Why fuel retail is thriving, not dying: the secret to risk free investment
There’s no denying that today, fuel retail is an incredibly disrupted market. Not just through the rise of electric vehicles, but also digital innovation, fierce competition, and entirely different customer expectations. Fuel retail is thriving. Current networks and potential sites provide huge investment opportunities.
Indeed, with more mergers and acquisitions over the last decade, interest from investors has boomed. For example, the potential IPO of EG Group. The brothers’ first venture was buying a petrol forecourt in Bury (UK) for £150,000 in 2001 before expanding and creating Euro Garages — a business with a turnover in excess of £12bn and 25,000 staff. The reason? It understands that fuel presents the destination but convenience offers the opportunity.

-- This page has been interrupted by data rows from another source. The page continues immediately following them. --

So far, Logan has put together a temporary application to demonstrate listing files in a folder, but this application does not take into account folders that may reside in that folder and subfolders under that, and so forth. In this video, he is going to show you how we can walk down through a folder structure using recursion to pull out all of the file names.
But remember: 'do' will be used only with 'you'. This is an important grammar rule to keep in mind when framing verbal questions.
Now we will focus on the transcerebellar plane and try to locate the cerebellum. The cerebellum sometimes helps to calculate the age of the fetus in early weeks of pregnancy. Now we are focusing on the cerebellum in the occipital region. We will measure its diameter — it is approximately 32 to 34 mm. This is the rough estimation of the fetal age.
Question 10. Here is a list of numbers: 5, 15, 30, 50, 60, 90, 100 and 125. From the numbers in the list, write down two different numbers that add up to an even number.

Mergers and acquisitions are fundamentally restructuring the fuel retail landscape and presenting growth opportunities for “destination’” retail. Yet today, the market still remains relatively untapped. In the near future we expect huge investment, greater retail innovation, and an explosion in brand partnerships to re-invent the fuel retail site.
And there’s only one secret to a risk-free investment: reliable market data. While investors rarely have their own data to analyze, experts like Kalibrate are on hand. With their help, finding a target site, completing necessary due diligence, understanding the potential of the site, and then optimizing the offering eliminates risk at every turn.

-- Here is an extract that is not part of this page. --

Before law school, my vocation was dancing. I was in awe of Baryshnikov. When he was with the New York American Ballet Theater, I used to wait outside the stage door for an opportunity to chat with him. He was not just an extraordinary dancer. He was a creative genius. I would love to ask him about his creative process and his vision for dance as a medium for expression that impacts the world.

Working with a fuel retail data expert safeguards effective decision-making throughout the entire fuel site investment process.

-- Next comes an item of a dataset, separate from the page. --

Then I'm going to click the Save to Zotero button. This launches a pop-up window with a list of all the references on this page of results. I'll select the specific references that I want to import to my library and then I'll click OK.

While fuel retailers are facing a challenge to adapt their offering to the shifting trends in the market, investors are presented with huge opportunities. But before these opportunities can be realized, potential sites or networks need identifying.
With the right retail location planning tools, investors can establish exactly what is driving volume in each market and identify the strengths, weaknesses, and brand-level opportunities. Comprehensive, insightful reports ensure investors understand the competitors, their volumes, their number of retail outlets, their market share, and how the target network or site compares.
Granular data on a given location or potential investment area allows investors to identify a target with confidence.
During the commercial due diligence of site or network acquisition, investors must next understand the robustness of their plans. Kalibrate’s performance potential analysis, for example, allows them to identify the best outlets for divestment, acquire new sites, or strategically investing in existing sites
With this insight, investors can refine their due diligence for any existing or proposed new location. Kalibrate can provide such firms with accurate projections based on their unique goals, and allow them to learn what impact a prospective acquisition will have on: a network, brand, volume, and profitability.
Acquisition analysis, for example, makes sense of complex possibilities so investors can make educated growth and development decisions.
3. Mapping a value plan
Assessing a potential investment is essential to forecasting ROI.
Investors often require additional insight before making key decisions like “buy, build, or expand”. Does a potential site have the opportunity for fast growth? If not, detailed analysis is needed to plan next steps and extract maximum value.
For example, how will a new brand, increasing the number of pumps, or a larger convenience store impact volume? To quantify this, data-driven planning tools can provide unbiased, reliable models that help answer challenging business decisions. For example, Kalibrate Planning provides:
- Precise fuel and convenience store volume projections representing all new site possibilities
- Information on how an acquired outlet would impact sales at existing outlets
- The best available properties based on specific business requirements
- Understanding on how a site compares to competitors’ strengths and weaknesses
- Information for use in negotiations — in fact, some banks in the US will only offer their finance facilities with such a report
Armed with this information, investors can actively avoid risk and maximize profit.
To continually get the best return on an investment decision, the work is never done.
Investors should encourage networks to continually assess and streamline their operations, their position, and their pricing. Kalibrate Planning and Kalibrate Pricing both offer accurate, data-driven analysis for ongoing auditing, assessment, and optimization. This information may answer questions like:
- Do my forecourt and in-store operations align for maximum impact?
- Do my operations support the experience customers want?
- Do my operations support my retail network’s value proposition?
If the fuel retail destination is evolving, what does the fuel station of the future look like?
They will be expected to offer a wider range of fuel sources, with electric vehicles driving change across the industry. Currently, the average time spent inside a fuel station is seven minutes. Tomorrow, retailers must consider the needs of a different consumer set; those with at least 30 minutes to spare whilst they wait for their car to charge. The focus will lean more heavily on experience-based destinations for consumers.
With this, there are opportunities for investors and retailers to optimize real estate layouts and devise strategies to provide an exceptional customer experience. This will impact the footfall of individual sites, the performance of whole networks, and introduce new competition from energy companies.
So, the fuel retail industry is far from dying — it’s on the brink of a dynamic transformation future.
With access to a set of trustworthy tools like those offered at Kalibrate, savvy investors can make these decisions with confidence. Access to granular-level insights as well as deep market knowledge and expertise allows them to confidently put forward the correct financial offering, and understand the most likely return on their investment, with the lowest risk possible.